A publicly funded class action vehicle would promote access to justice, says Vince Morabito. Photo: Vince CaligiuriA government-backed fund is needed to ensure access to justice for cases where litigation funders and plaintiff lawyers are unwilling to back court action, says a leading expert in the field.
Vince Morabito, a professor at the Monash Business School, said a fund to pick up strong cases that were unattractive to commercial operators would help ensure access to justice for vulnerable claimants such as homeless people, refugees or Aboriginal communities.
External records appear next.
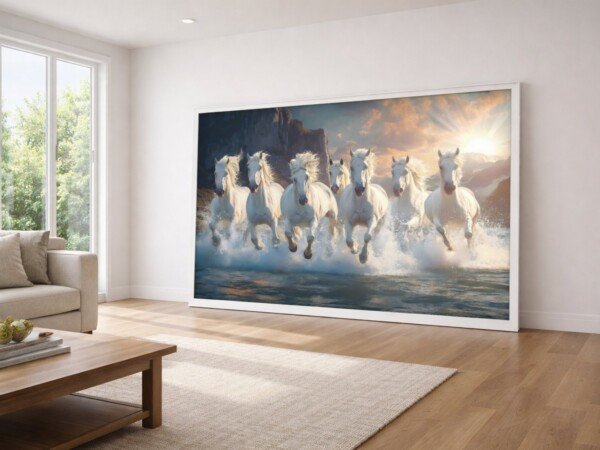 seven white horses canvas wall art shown framed on a wall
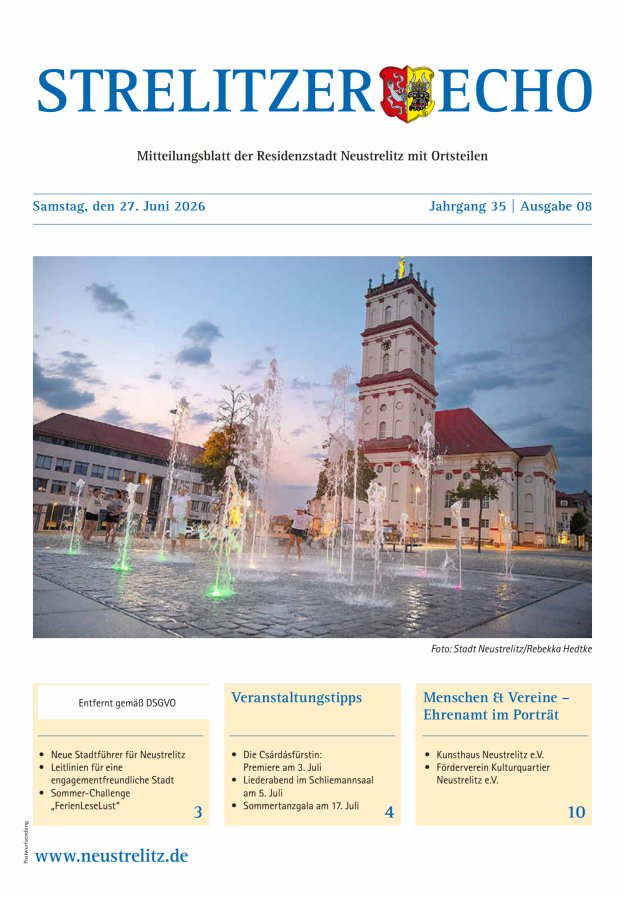 Strelitzer Echo Titelblatt 08/2026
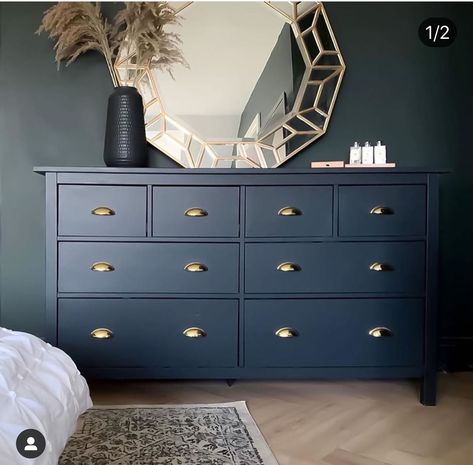 Navy Blue Dresser Bedroom, Gatsby Bedroom, Ikea Hemnes Dresser Hack, Hemnes Dresser Hack, Rast Ikea, Ikea Hemnes Chest Of Drawers, Refinished Dresser Diy, Old Chest Of Drawers, Ikea Hemnes Hack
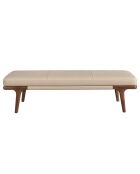 Moderne kunstleren kruk met zitting bekleed met nerts/donker walnoot - 162x50x43 cm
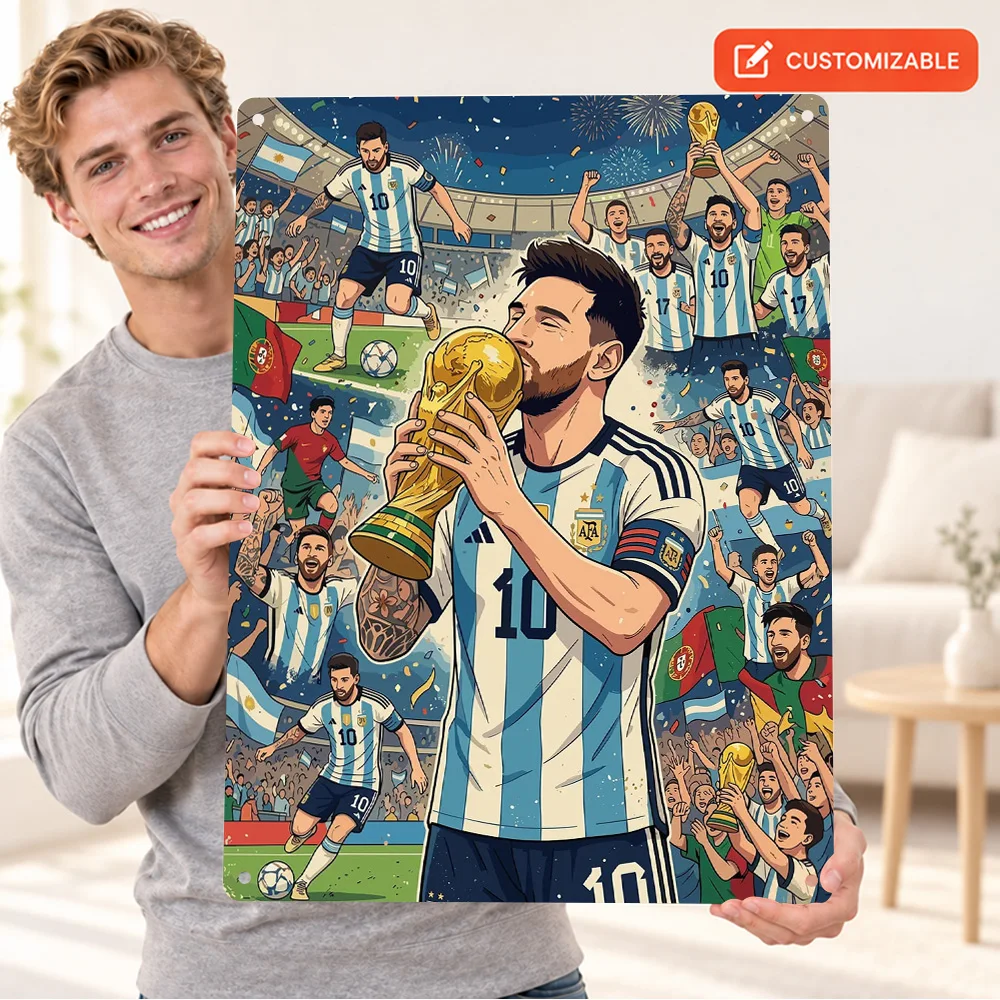 Lionel Messi Football Competition Victory Aluminum Poster Personalized Metal Sign Graphic Illustration Wall Art For Man Cave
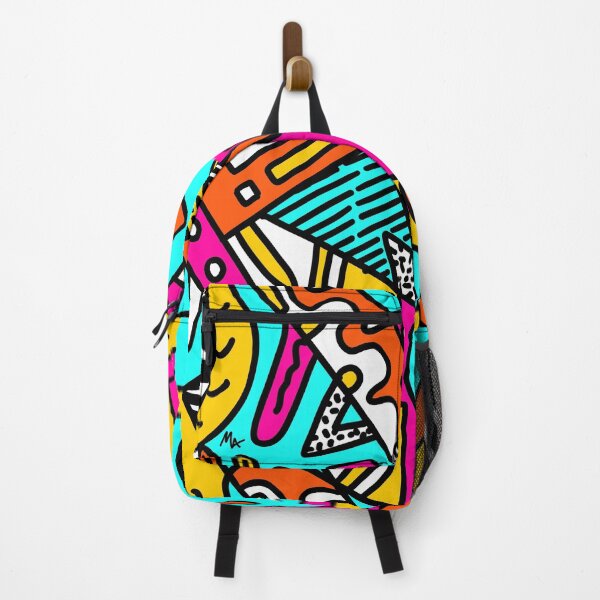 Item preview, Geometric Abstract Popart pink yellow light blue black white colorful designed and sold by Michalaart.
“That’s one of the crucial things, we need some kind of legal fund,” Professor Morabito said.
He said just such a fund was recommended in 1988 by the Law Reform Commission as part of the work that helped eventually lead to the establishment of a class action regime in 1992.
“Class actions on behalf of vulnerable people was what they had in mind, where it might not be as commercially attractive or it might not make sense to run on a no-win, no-fee basis,” he said.
“Litigation funders are the major players and so far they have had a clear preference for shareholder class actions.”
The reluctance to back cases on behalf of the vulnerable ignored the relatively strong success rate of such actions when they were brought, he said.
A fund would probably need between $15 million and $20 million in seed funding and would need to pick cases very carefully initially but would not necessarily need ongoing funding, he said.
In Canada, a similar fund was self funding due to the proceeds from settlements being reinvested, he said.
Professor Morabito will speak at the Maurice Blackburn BusinessDay Class Actions Symposium event in March to mark 25 years of class actions in .
He referenced a 2014 study he did with Maurice Blackburn’s Jarrah Ekstein that found 54 per cent of such case resulted in success for the plaintiffs, usually through a settlement.
“We actually found that the success rate of those class actions on behalf of vulnerable people was slightly higher than all other class actions,” he said.
There were also some encouraging signs that litigation funders would look at broader types of class actions, he said, pointing to IMF’s funding of a Queensland floods action.
“They are beginning to look beyond the shareholder class actions,” he said.
Another development that would assist was the landmark full Federal Court judgment on open funding of class actions, which would allow suits to be brought before the individuals represented were completely identified.
Professor Morabito said the introduction of contingency fees, as recommended by the Productivity Commission its 2014 inquiry, would also boost competition and would help the non-investor class actions get up.
“It would make for a much more competitive market than it is now,” he said.